-- DATA FOR THE TASK follows --

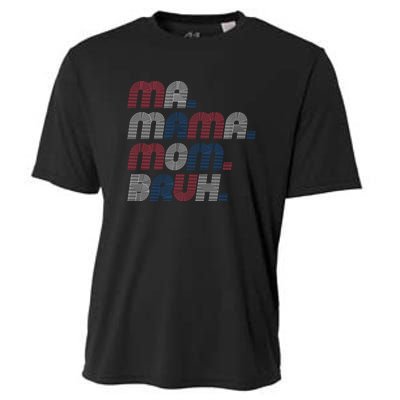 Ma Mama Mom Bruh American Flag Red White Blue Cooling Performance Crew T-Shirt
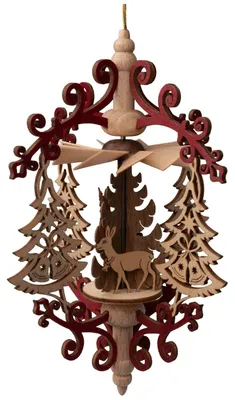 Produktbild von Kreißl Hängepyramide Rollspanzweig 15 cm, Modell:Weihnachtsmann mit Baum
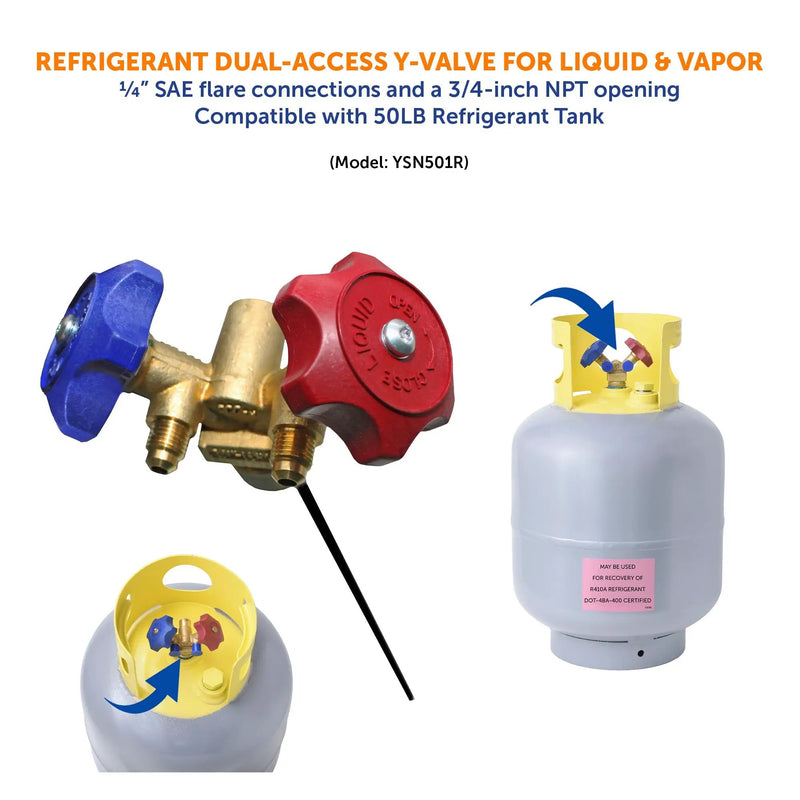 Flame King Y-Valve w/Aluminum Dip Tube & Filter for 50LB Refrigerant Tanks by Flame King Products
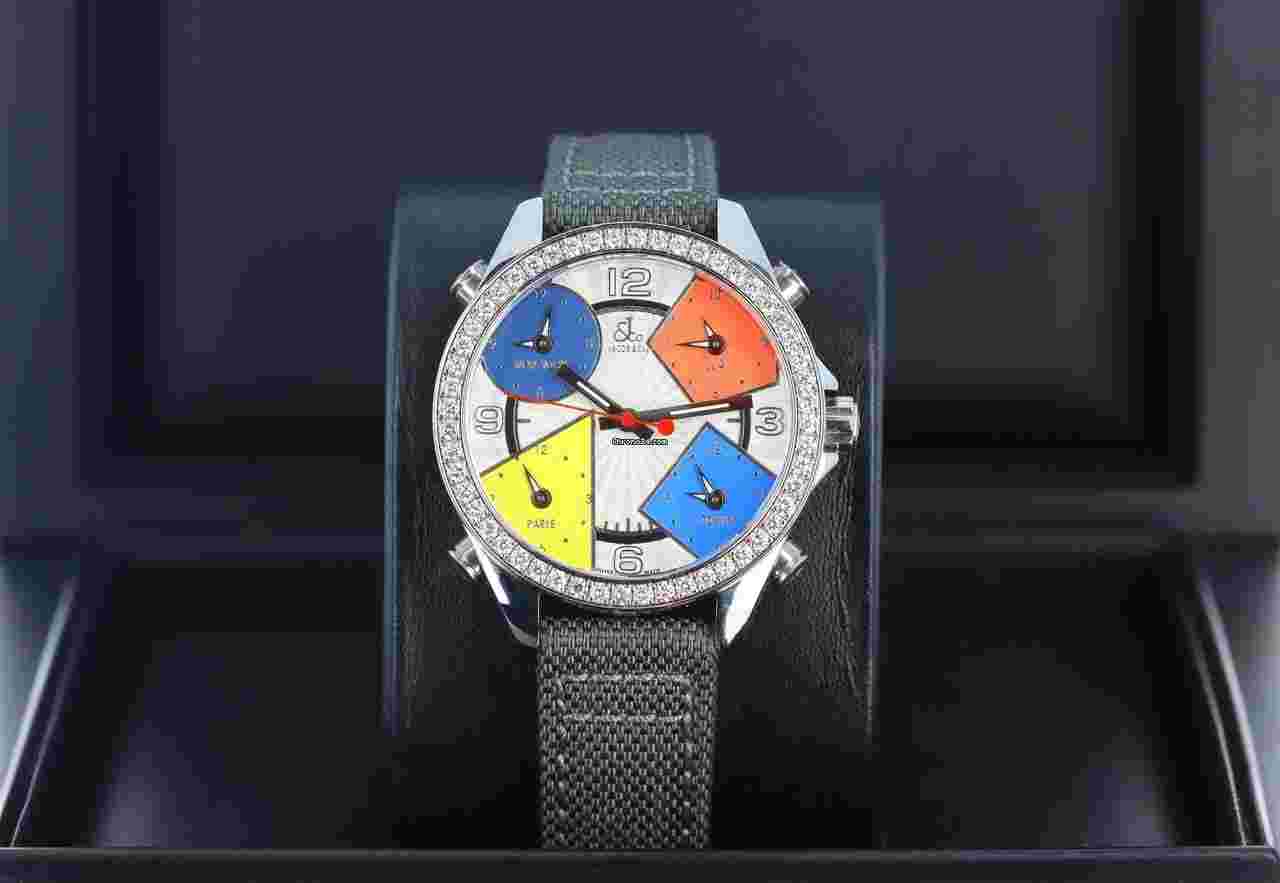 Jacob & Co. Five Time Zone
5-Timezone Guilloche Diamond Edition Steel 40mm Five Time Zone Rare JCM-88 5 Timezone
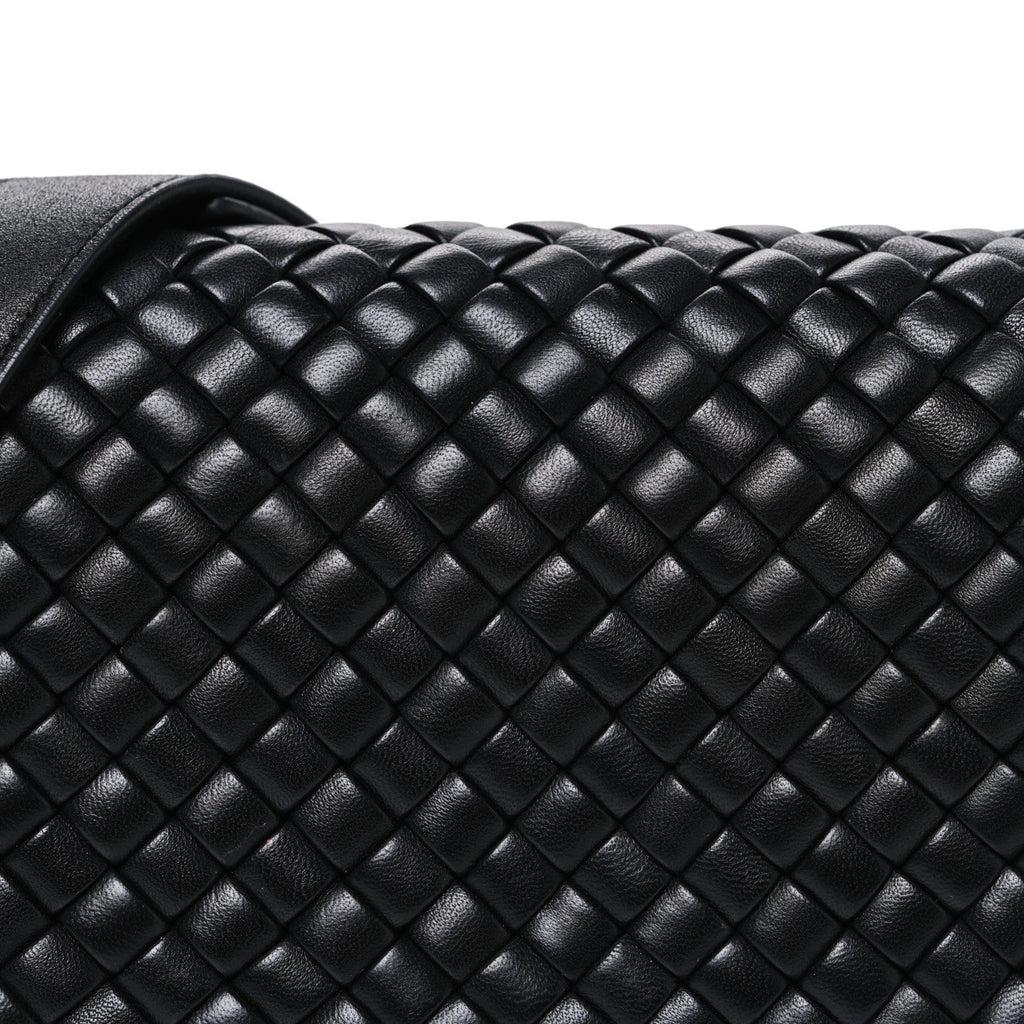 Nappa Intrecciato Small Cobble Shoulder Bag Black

-- DATA FOR THE TASK concluded --

* [TASK PROMPT]:
For this exercise, copy each line of the data above exactly, from the first through the line containing "Produktbild von Kreißl", and drop the pictures.

* [WRITTEN SOLUTION]:
 Ma Mama Mom Bruh American Flag Red White Blue Cooling Performance Crew T-Shirt
 Produktbild von Kreißl Hängepyramide Rollspanzweig 15 cm, Modell:Weihnachtsmann mit Baum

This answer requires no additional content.